WORK TASK
From the line containing "Property photo 2 of 14 Living Room" down to the line containing "Used 2023 Jeep" in the records below, reproduce every line exactly, ends included, and omit all others.

EXTRACTED INFORMATION
**********

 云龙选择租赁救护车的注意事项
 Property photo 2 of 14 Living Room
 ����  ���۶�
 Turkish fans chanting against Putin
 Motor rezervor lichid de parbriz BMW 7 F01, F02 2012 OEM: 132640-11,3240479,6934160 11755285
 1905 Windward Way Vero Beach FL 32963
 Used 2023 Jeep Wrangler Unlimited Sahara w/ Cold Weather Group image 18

**********

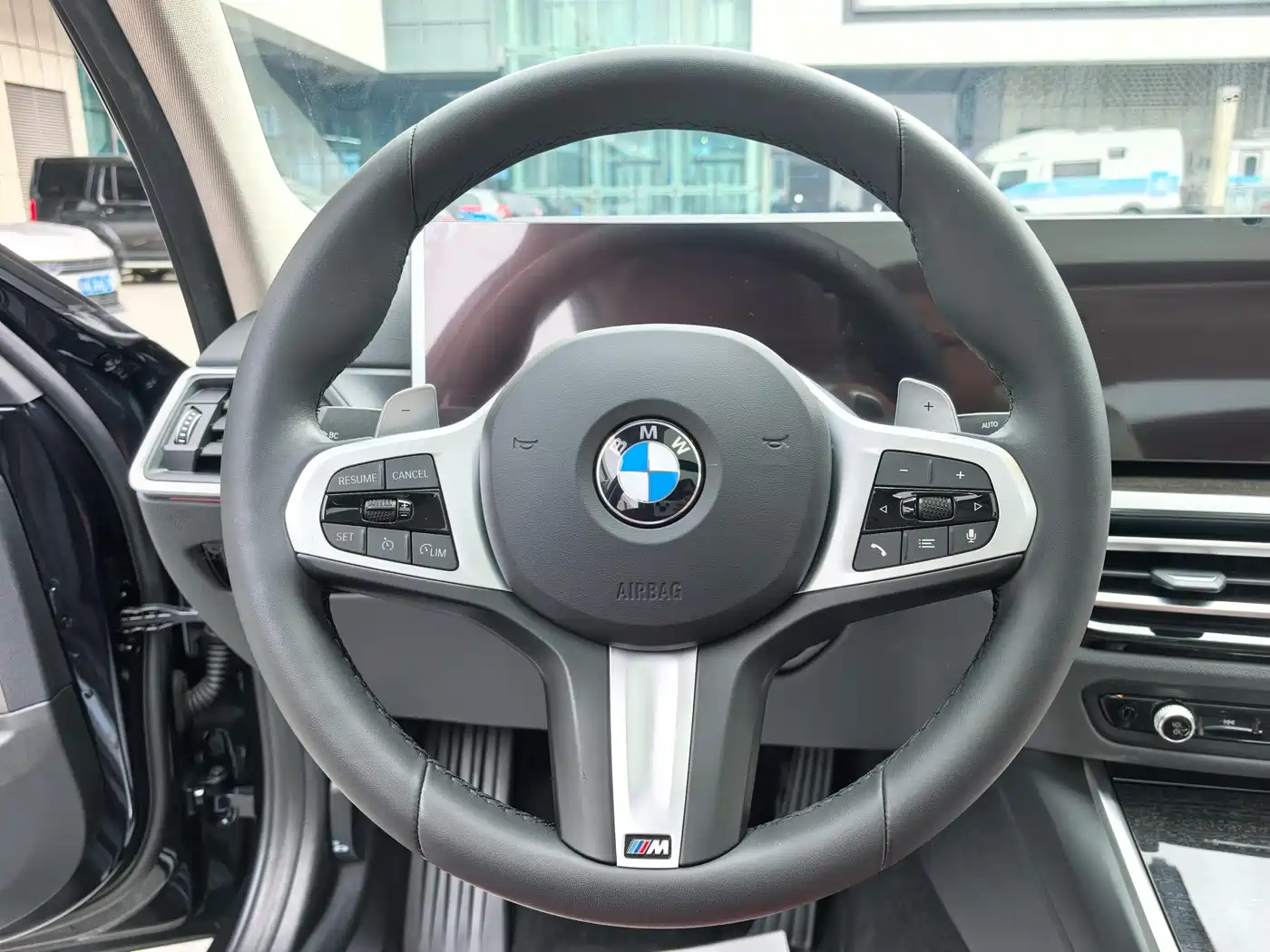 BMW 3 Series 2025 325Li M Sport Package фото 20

**********

SOLUTION BELOW
 Property photo 2 of 14 Living Room
 ����  ���۶�
 Turkish fans chanting against Putin
 Motor rezervor lichid de parbriz BMW 7 F01, F02 2012 OEM: 132640-11,3240479,6934160 11755285
 1905 Windward Way Vero Beach FL 32963
 Used 2023 Jeep Wrangler Unlimited Sahara w/ Cold Weather Group image 18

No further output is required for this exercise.